For one’s research, I think having intellectual humility can help one step back and re-evaluate the future trajectory of one’s research.  For example, after my PhD I published a few articles from my thesis, defending the Rawlsian paradigm of political philosophy by applying it to the issues of a basic income, free speech and economic incentives.  But then I began to critically reflect on the shortcomings of that paradigm.  If my primary goal was to simply publish more of the same stuff I had already published, or to defend the theoretical tradition I happened to find attractive as a graduate student, I would have constrained my intellectual growth and probably contributed much less to the field in terms of original insights.         

And finally, the third and final epistemic virtue I would encourage a young academic to cultivate is “intellectual risk-taking”.  This virtue occupies the mean between the foolish or careless academic who says “I will write what I want to write, where and when I want… the publishing expectations of the discipline and tenure be dammed!” (good luck getting tenure or even finding a TT job with such an attitude!) and the conservative approach of trying to hedge bets on what would yield the safest and most prodigious publication record in the future.  
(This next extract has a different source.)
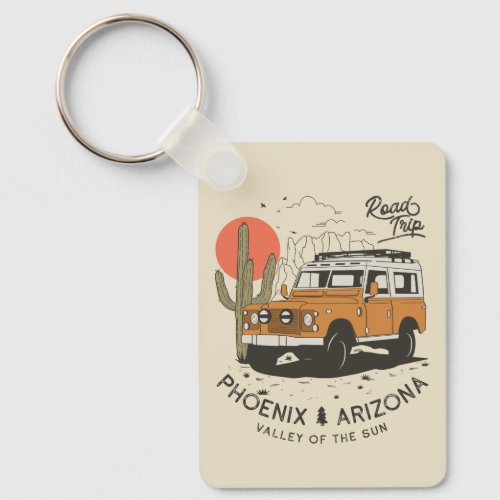 Arizona Desert Sunset Road Trip Cactus Phoenix Keychain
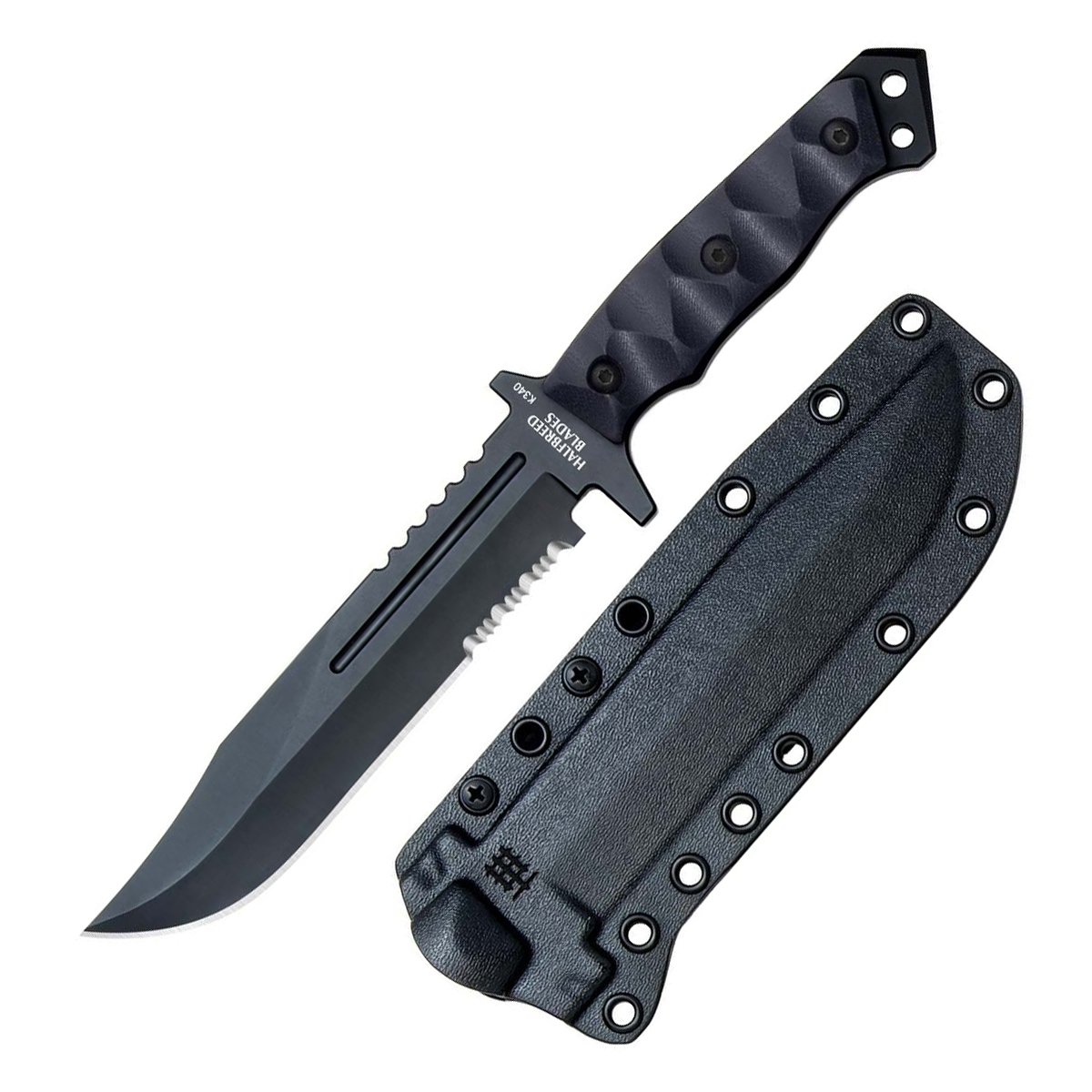Halfbreed Large Infantry Fixed Knife Sculpted G-10 6.89in Part Serrated K340 LIK01PSBLKG2K340 View 1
One might ask why do any intellectual risk-taking at all?  I think the answer to that question depends on that type of academic you are/want to be.  If you are like me then intellectual risk-taking is where the most significant intellectual development and growth occurs, and it is really fun challenging the wisdom of established research paradigms and trying to forge novel ground in a discipline.

For me, the most rewarding research I have done has involved intellectual risk-taking of the following kind: 

(1) writing a textbook as my first published book (vs my dissertation);

(2) publishing a second book which in some respects represented my anti-dissertation vs dissertation;

(3) publishing papers and books that criticize the dominant methodology of the discipline;

(4) exploring new ways (here and here) to understand a historical thinker whose central ideas I do not espouse (but I think are worth seriously engaging with)

(5) spending 15 years writing a book on a neglected topic in the field in the hopes that a reputable publisher would eventually publish it;

(6) and then, after (5), agreeing to write another book on that same topic from a completely new methodological perspective.

(7) devoting 15 years of my research to a topic that is completely ignored by my discipline, and publishing my articles in journals outside my field, like science, medicine.

Wrapping this long post up… the bottom line in terms of advice I wish when I started my career:  academics ought to reflect, often and deeply and critically, on the question of the type of scholar and instructor they aspire to be.  The research on fixed vs growth mindsets is very relevant to these issues.  I have spent 20+ years refining the epistemic virtues of curiosity, humility and intellectual risk-taking. I am still learning and growing.  And I think the growth mindset has paid the generous dividend of helping me successfully navigate some of the challenges of a career in academia and do so in a way that has not diminished my passion for teaching and research.